04-25-2016 , 04:57 AM
Quote:
Originally Posted by Shifty86
What do you mean by keep going this way? You have no idea what I do and don't care about. I know you'd rather have a coral reef then flourishing humans, I view that as pretty selfish.

Let's pretend your right and humans are causing "climate destruction". What's your solution? How many humans do you want to see suffer to save your coral reef?
Except human flourishing is done by basically loaning from nature. That's not unlimited supply. Humans are heading into situation where current society as we know it now is bang. Gone. And if we don't do anything before that it's going to put humans into even bigger misery than before.

There's only so much resources this planet has. And only so much it generates per year. We are burning resources faster than it produces.

Yeah there's more people flourishing now. In future without radical changes now there's going to be lots of dead humans and lots of people suffering while they try to adapt to new reality. And at that point they will curse us for making the change worse than it could have been.
04-25-2016 , 08:58 AM
More nonsense posted by people in this thread. Oil and natural gas reserves are rising. We are in no danger of running our of either of those for 1000's of years and that's with today's technology, and we haven't even scratched the surface for the potential of nuclear. People seem to forget that 150 years ago oil was viewed as a nuisance black liquid that would get in the way when drilling for kerosene.

Also LOL at being one with nature then freaking out when people use compressed dead plants to heat/cool their homes, cook and refrigerate their food, drive to work, fly to vacation, farm and transport our food and just about every other thing every person itt does on a daily basis.
04-25-2016 , 09:17 AM
No dumpty, people are not just talking about gas and oil anymore they are talking bout your whole pfft environment, pfft mass extinctions, who cares.

You are completely and utterly obstinate and resistant to the idea of any negative feedback from the environment in face of unlimited exponential human growth.
04-25-2016 , 10:10 AM
Great news out yesterday. After denying it was a real threat for so long, republicans have finally come around on the issue and decided to work together to reverse the tides of a looming global threat before it's too late.

Spoiler:
I'm of course talking about the candidacy of Donald Trump, but I could see why you might be confused and think this post was about something else.
04-25-2016 , 12:58 PM
Quote:
Originally Posted by O.A.F.K.1.1
No dumpty, people are not just talking about gas and oil anymore they are talking bout your whole pfft environment, pfft mass extinctions, who cares.

You are completely and utterly obstinate and resistant to the idea of any negative feedback from the environment in face of unlimited exponential human growth.
Air quality, water quality and life expectancy are improving and rising.

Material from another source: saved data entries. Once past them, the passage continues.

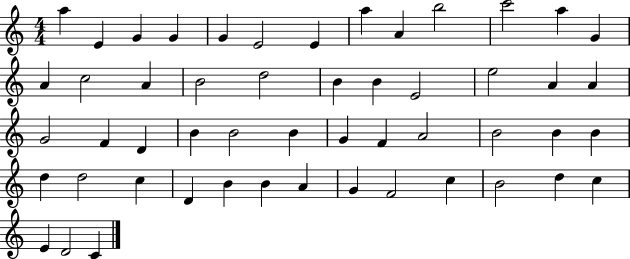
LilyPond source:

{
  \clef treble
  \numericTimeSignature
  \time 4/4
  \key c \major
  a''4 e'4 g'4 g'4 | g'4 e'2 e'4 | a''4 a'4 b''2 | c'''2 a''4 g'4 | \break a'4 c''2 a'4 | b'2 d''2 | b'4 b'4 e'2 | e''2 a'4 a'4 | \break g'2 f'4 d'4 | b'4 b'2 b'4 | g'4 f'4 a'2 | b'2 b'4 b'4 | \break d''4 d''2 c''4 | d'4 b'4 b'4 a'4 | g'4 f'2 c''4 | b'2 d''4 c''4 | \break e'4 d'2 c'4 | \bar "|."
}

Climate related deaths are at all time low's. This all happening while population, FF use and CO2 emissions all rise. And you think I'm being utterly obstinate and resistant.

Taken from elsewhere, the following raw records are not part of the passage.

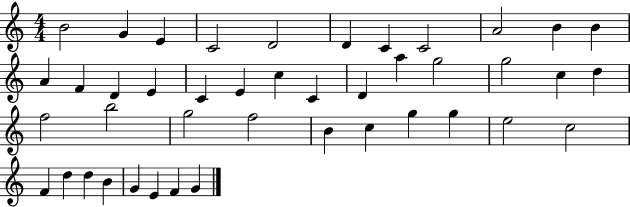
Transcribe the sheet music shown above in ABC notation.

X:1
T:Untitled
M:4/4
L:1/4
K:C
B2 G E C2 D2 D C C2 A2 B B A F D E C E c C D a g2 g2 c d f2 b2 g2 f2 B c g g e2 c2 F d d B G E F G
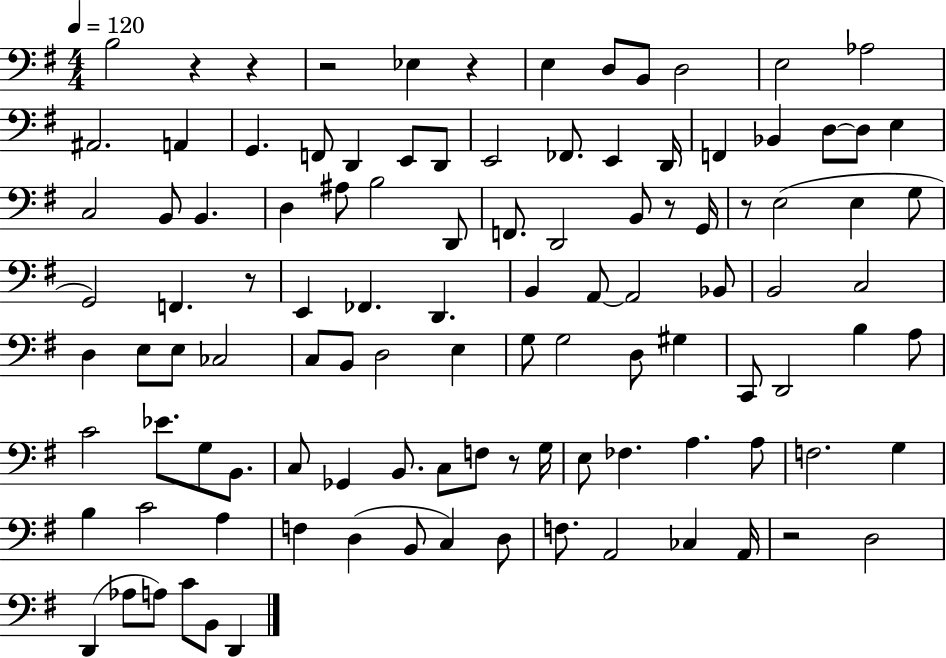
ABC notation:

X:1
T:Untitled
M:4/4
L:1/4
K:G
B,2 z z z2 _E, z E, D,/2 B,,/2 D,2 E,2 _A,2 ^A,,2 A,, G,, F,,/2 D,, E,,/2 D,,/2 E,,2 _F,,/2 E,, D,,/4 F,, _B,, D,/2 D,/2 E, C,2 B,,/2 B,, D, ^A,/2 B,2 D,,/2 F,,/2 D,,2 B,,/2 z/2 G,,/4 z/2 E,2 E, G,/2 G,,2 F,, z/2 E,, _F,, D,, B,, A,,/2 A,,2 _B,,/2 B,,2 C,2 D, E,/2 E,/2 _C,2 C,/2 B,,/2 D,2 E, G,/2 G,2 D,/2 ^G, C,,/2 D,,2 B, A,/2 C2 _E/2 G,/2 B,,/2 C,/2 _G,, B,,/2 C,/2 F,/2 z/2 G,/4 E,/2 _F, A, A,/2 F,2 G, B, C2 A, F, D, B,,/2 C, D,/2 F,/2 A,,2 _C, A,,/4 z2 D,2 D,, _A,/2 A,/2 C/2 B,,/2 D,,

You think unlimited exponential growth is a problem. What's your solution? Are you willing to cut your electricity use to a couple hours a day, stop driving? Spend 10x more on food? Pass laws that people can only have 1 child?
04-25-2016 , 01:06 PM
Quote:
Originally Posted by Shifty86
Air quality, water quality and life expectancy are improving and rising.
In the US that's true and it's due to environmental protection laws and the epa. The laws and agency which are under constant attack from the right wing nuts.
04-25-2016 , 01:38 PM
Desertification, decline of arable land and loss of water access is pretty much taken as given as being a massive source of global insecurity in the 21st century.

Also again you just completely ignore the mass extinctions and all the other terrible impacts we are having on our bio diversity and eco system such as the plastic islands floating in our Oceans. Because these do not fit into your yay coal narratives.

As regards climate deaths, I can only find one source backing your hypothesis, which originates in your lol philosophers book.

On the other hand there are numerous studies refuting that hypothesis.

Twenty governments commissioned an independent report in 2012 from the group DARA International to study the human and economic costs of climate change. It linked 400,000 deaths worldwide to climate change each year, projecting deaths to increase to over 600,000 per year by 2030.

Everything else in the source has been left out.